De una ciudad que lleva el nombre de un dictador, aunque no sea tal

Dictadores, lo que se dice dictadores, ha habido unos pocos a lo largo de la historia. Que levante la mano el país que no haya padecido las ínfulas de alguno. Nosotros, sin ir más lejos, mejor nos quedamos quietecitos, ¿a que sí? Algunos de ellos incluso perpetuaron su nombre o apellido renombrando ciudades o pueblos para solaz particular. Sí, nosotros mejor calladitos, lo sé, lo sé. Y de eso va la curiosidad de hoy: de dictadores y de ciudades. En concreto, de una ciudad que recibe el nombre de un dictador, aunque no fuera tal. Al lío, pues.

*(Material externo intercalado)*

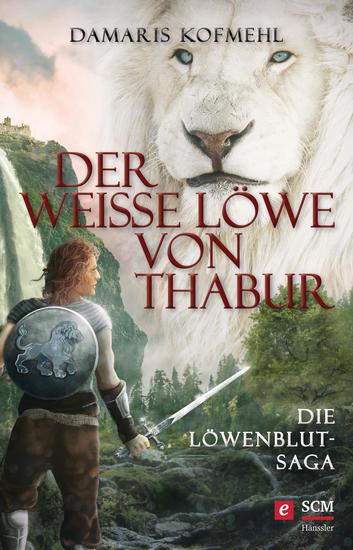 Der weiße Löwe von Thabur - Die Löwenblut-Saga - cover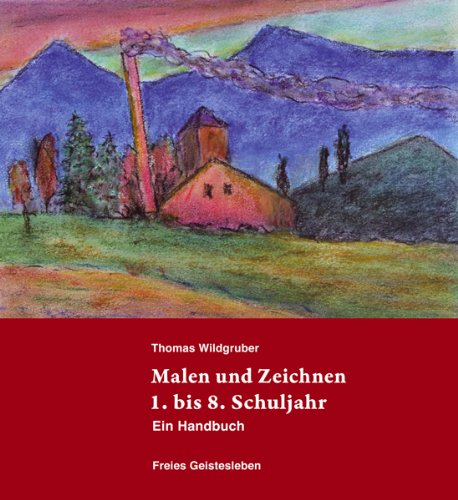  - Malen und Zeichnen 1. bis 8. Schuljahr: Ein Handbuch.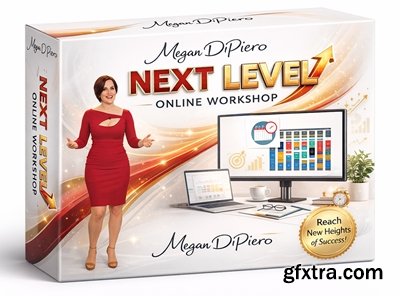 Megan DiPiero - Next Level - Online Workshop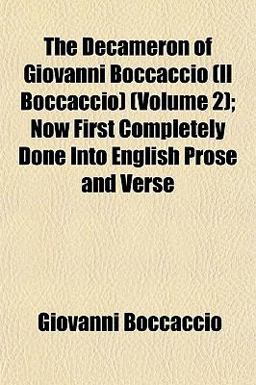 The Decameron of Giovanni Boccaccio; Now First Completely Done into English Prose and Verse
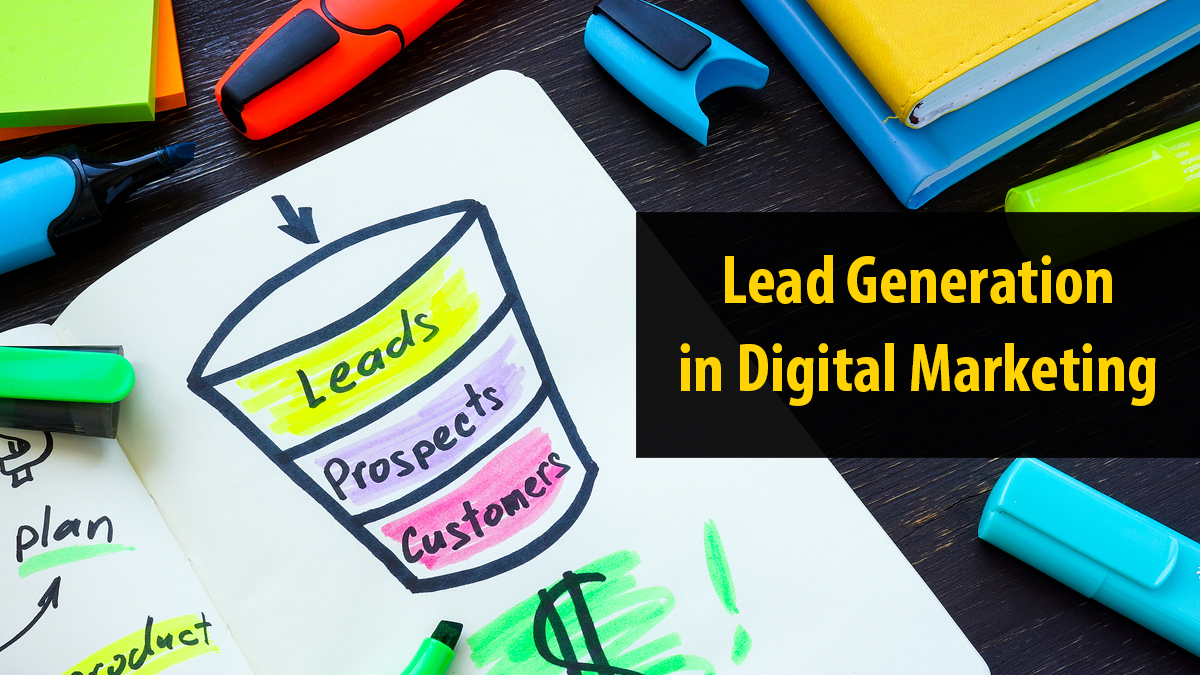 Understanding Lead Generation in Digital Marketing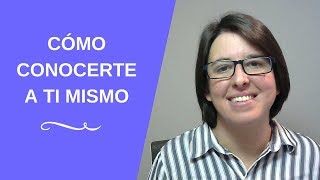 Cómo Conocerte A Ti Mismo [upl. by Rubio]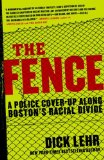 Portada de THE FENCE: A POLICE COVER-UP ALONG BOSTON'S RACIAL DIVIDE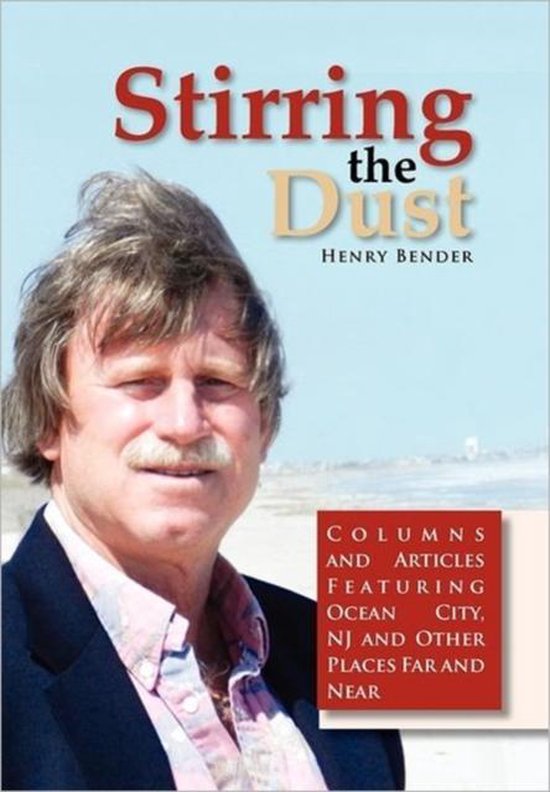 Stirring the Dust 9781462874071 Henry Bender Boeken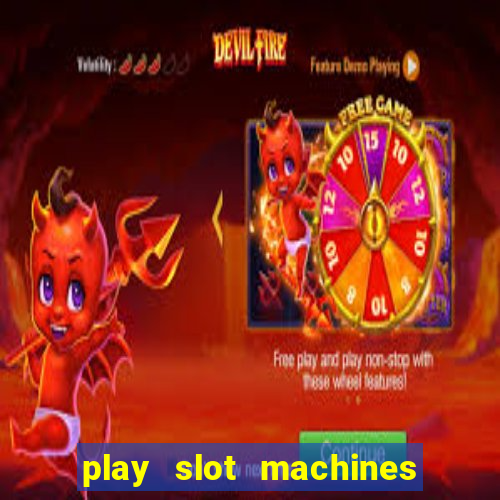 play slot machines for free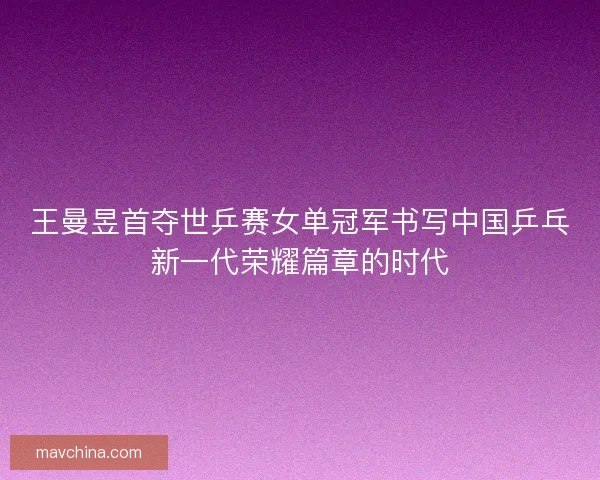王曼昱首夺世乒赛女单冠军书写中国乒乓新一代荣耀篇章的时代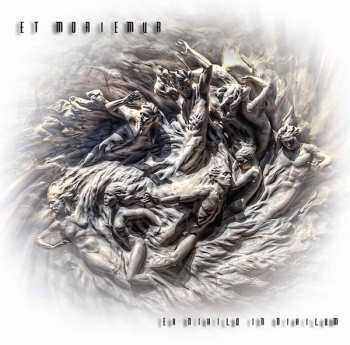Album Et Moriemur: Ex Nihilo In Nihilum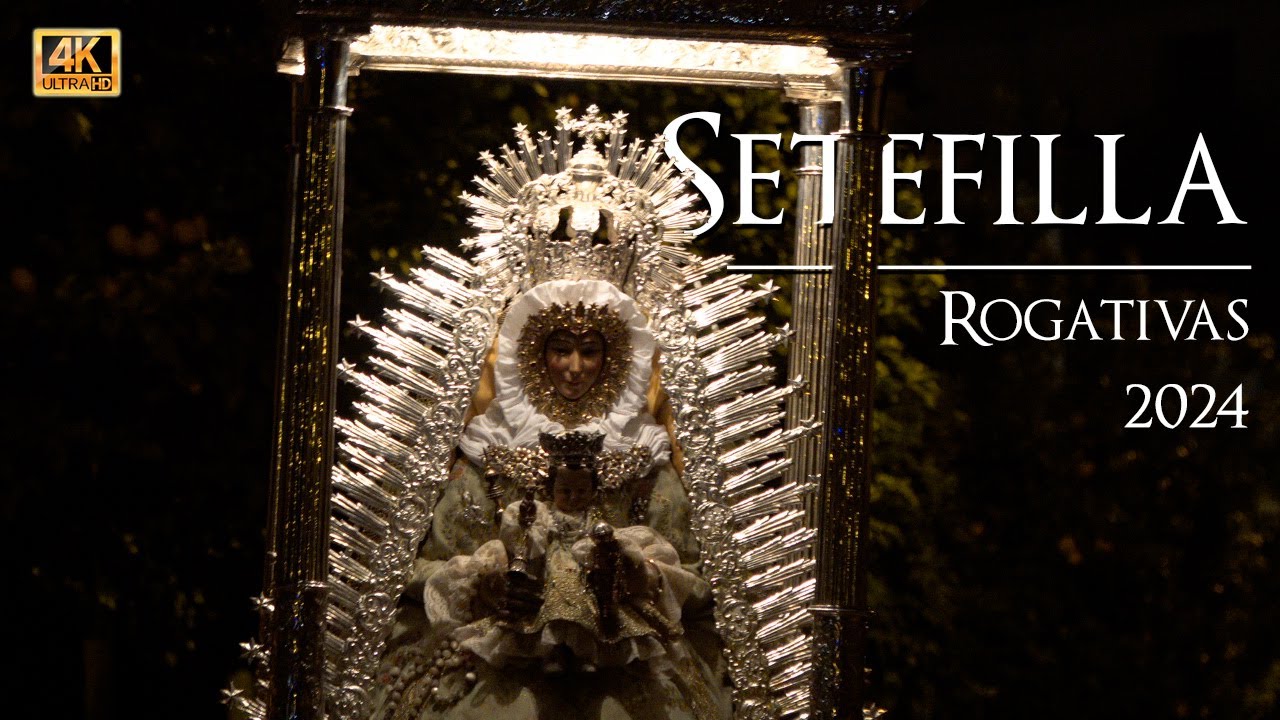 VIRGEN DE SETEFILLA | Rogativa extraordinaria 2024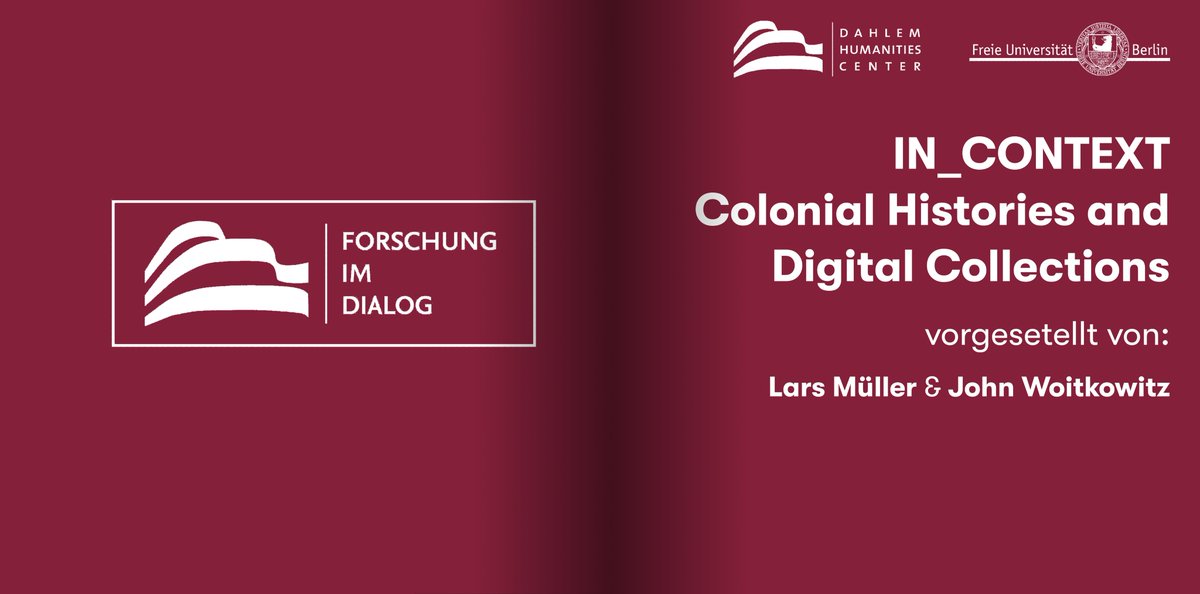Das Dahlem Humanities Center freut sich auf unsere erste Veranstaltung des Sommersemesters! Nächste Woche Mittwoch (24.04.) um 18:15 präsentieren unsere Gäste von der @stabiberlin: IN_CONTEXT: Colonial Histories and Digital Collections. ℹ️ tinyurl.com/mr4dvrf5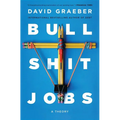 Bullshit Jobs: A Theory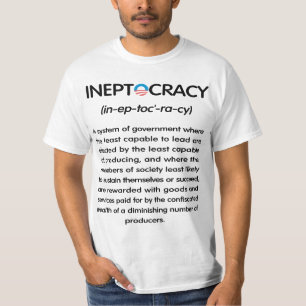 Ineptocracy Tee Shirt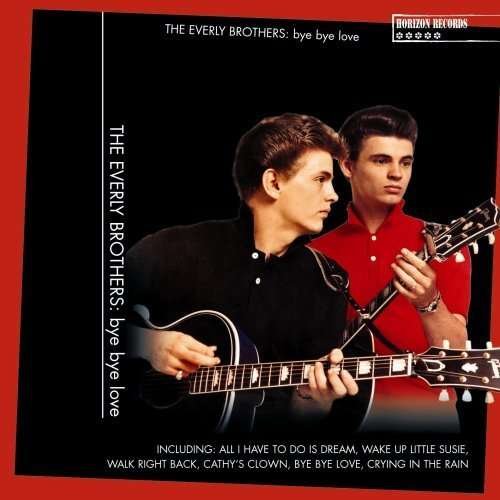 Cover for Everly Brothers · Bye Bye Love - Everly Brothers (CD)
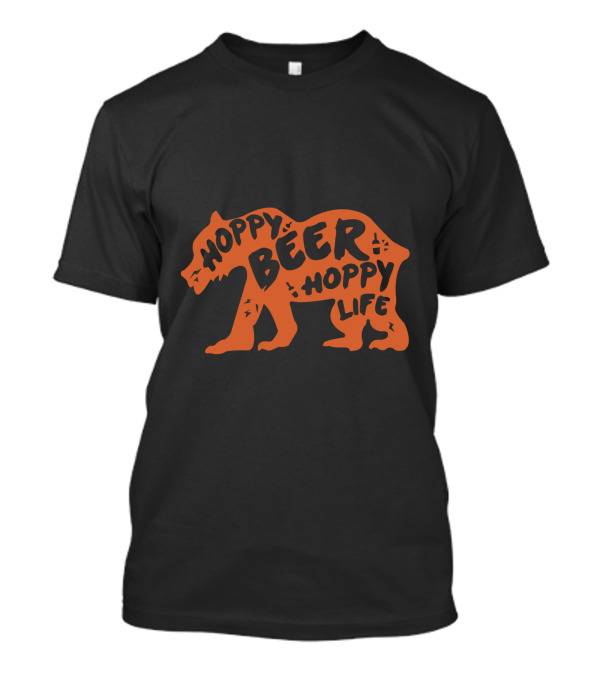Hoppy Beer Hoppy Life Bear Beer Styled Typography In Bear Shape T-Shirt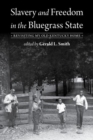 Slavery and Freedom in the Bluegrass State : Revisiting My Old Kentucky Home - Book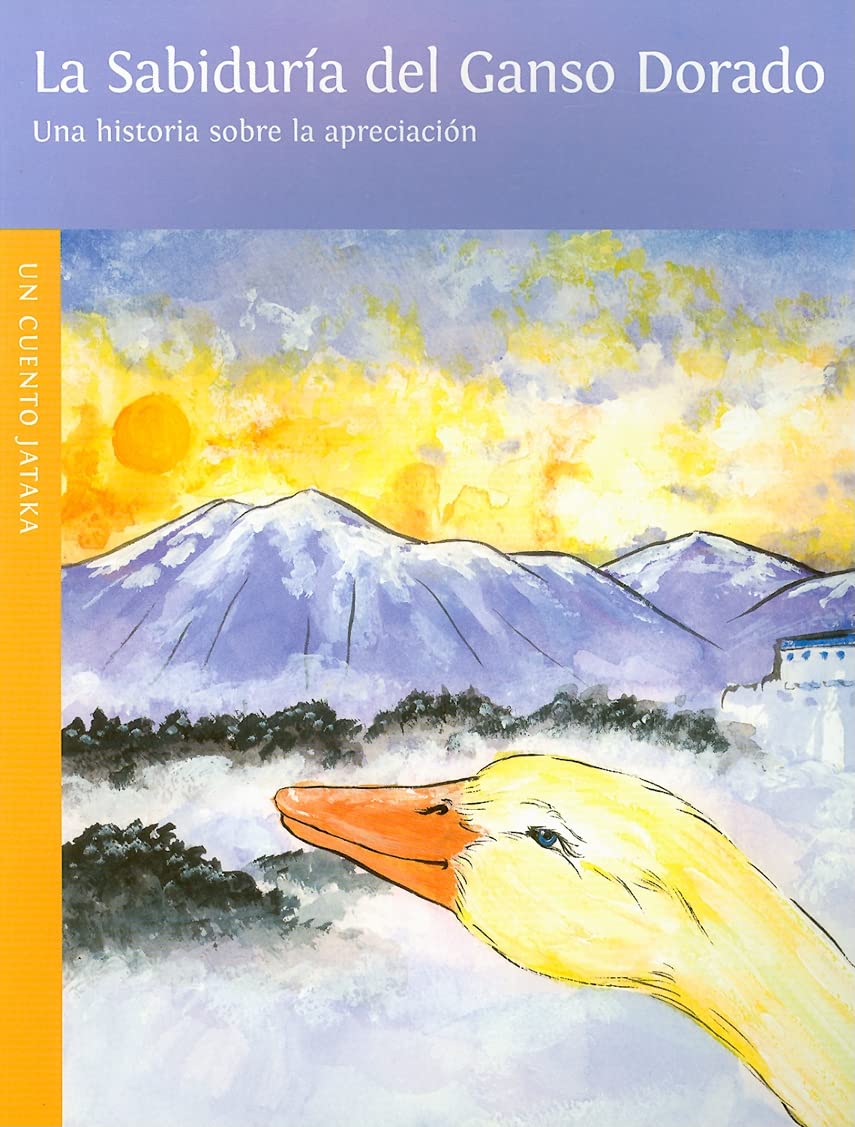 La Sabiduria del Ganso Dorado = Wisdom of the Golden Goose (Un Cuento Jataka/ Jataka Tale) Non-fiction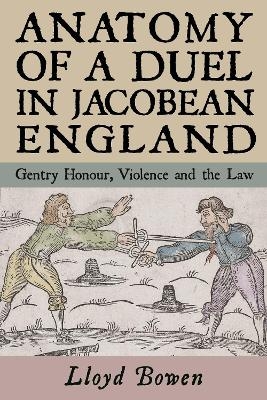 Anatomy of a Duel in Jacobean England - Lloyd Bowen
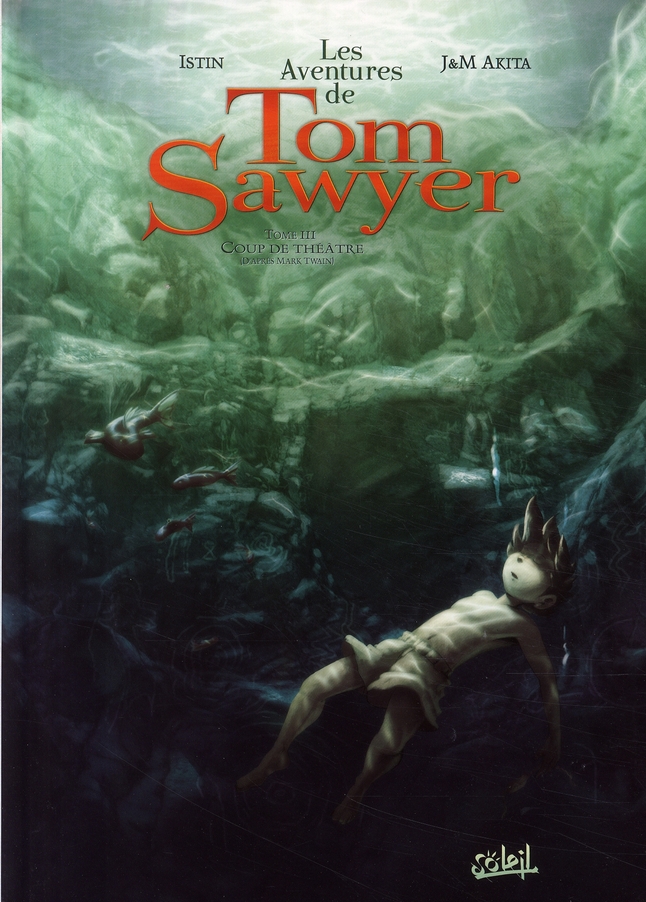 LES AVENTURES DE TOM SAWYER T03 - COUP DE THEATRE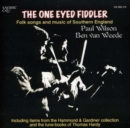 One Eyed Fiddler, The - Folk Songs and Music of S. England - CD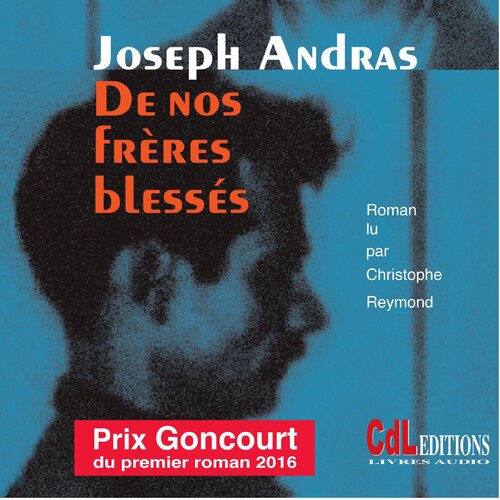 de nos frères blessés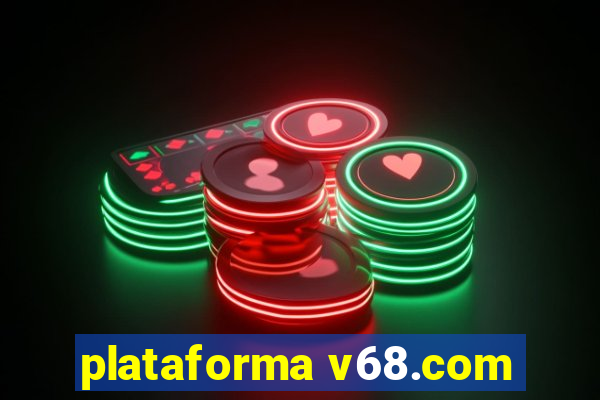 plataforma v68.com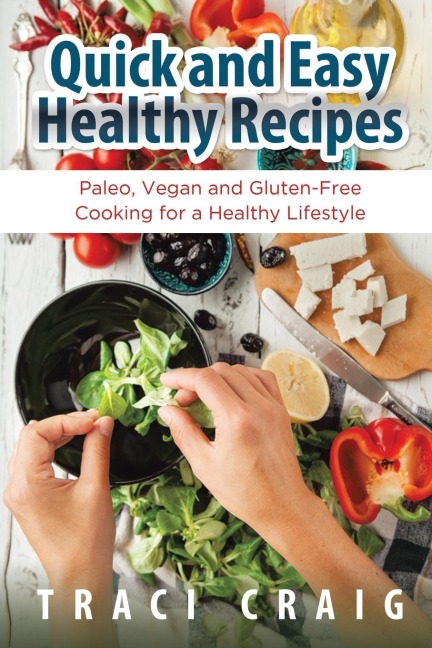 Quick and Easy Healthy Recipes: Paleo, Vegan and Gluten-Free Cooking for a Healthy Lifestyle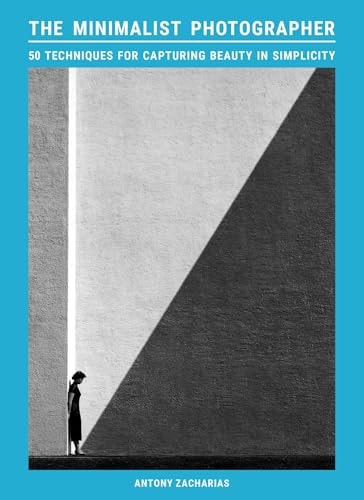 The Minimalist Photographer 50 Techniques for Capturing Beauty in Simplicity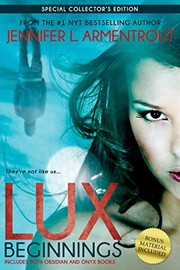 Lux. Books 1 and 2, Obsidian and Onyx : beginnings  Cover Image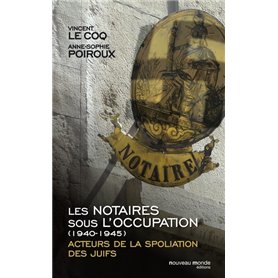 Les notaires sous l'Occupation (1940-1945)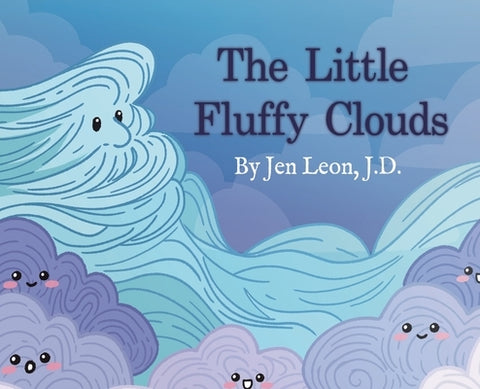 The Little Fluffy Clouds by Leon, Jen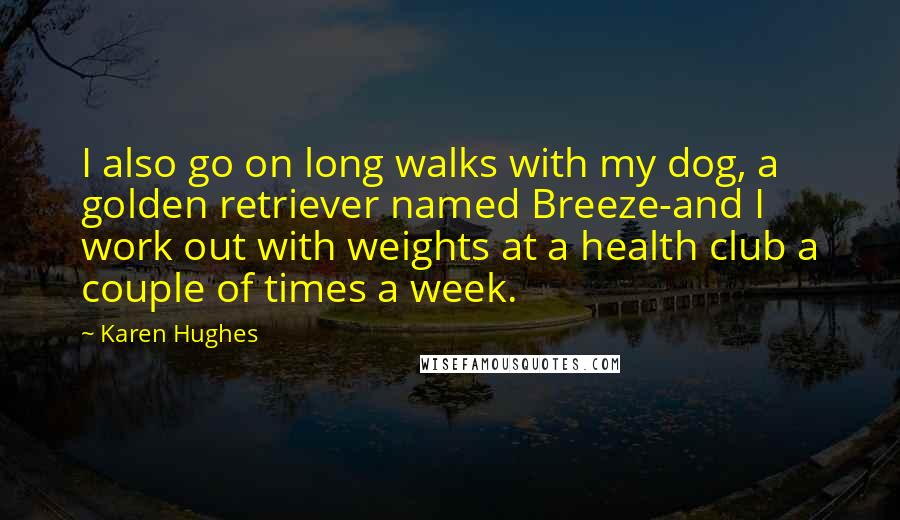 Karen Hughes Quotes: I also go on long walks with my dog, a golden retriever named Breeze-and I work out with weights at a health club a couple of times a week.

Si echamos un vistazo al diccionario de la RAE, podemos leer que dictador es “en la época moderna, persona que se arroga o recibe todos los poderes políticos y, apoyada en la fuerza, los ejerce sin limitación jurídica”. Eso, en su primera acepción. La segunda, más clara todavía: “Persona que abusa de su autoridad o trata con dureza a los demás”. Pero al loro con la tercera: “Entre los antiguos romanos, magistrado supremo y temporal, que se nombraba en tiempos de peligro para la república”. O sea, persona de prestigio que se hacía cargo del chiringuito cuando la cosa se ponía chunga. Los romanos, tan previsores ellos, intuyeron que en cualquier momento podrían venir mal dadas para su república, dada la dispersión de instituciones y el freno que ello supondría en caso de tomar decisiones rápidas. O sea, un tipo con agallas que se llevara las hostias que se tuviera que llevar, que las aguantara como un titán, y al que le dieran las gracias por los servicios prestados una vez las cosas regresaran a la normalidad; tipo que, como es menester, y mientras aquella situación descrita durara o durase, concentraría todos los poderes habidos y por haber. Es decir, el dictator romano, muy diferente a la consecuencia de la evolución del concepto y cargo en sí.

¿Un ejemplo? El mejor de todos: Lucius Quinctius Cincinnatus, un viejo general romano dedicado a su huerto, a sus lechugas, sus tomates y esas putas judías que no terminan de crecer, al que el Senado de Roma le dijo Help! como Los Beatles una vez que vinieron mal dadas las cosas. Cincinnatus cumplió con su deber, arregló el entuerto, le dieron las gracias y regresó a su huerto, a sus lechugas, sus tomates, y a aquellas putas judías, la madre que las parió, que no hay manera de que crezcan.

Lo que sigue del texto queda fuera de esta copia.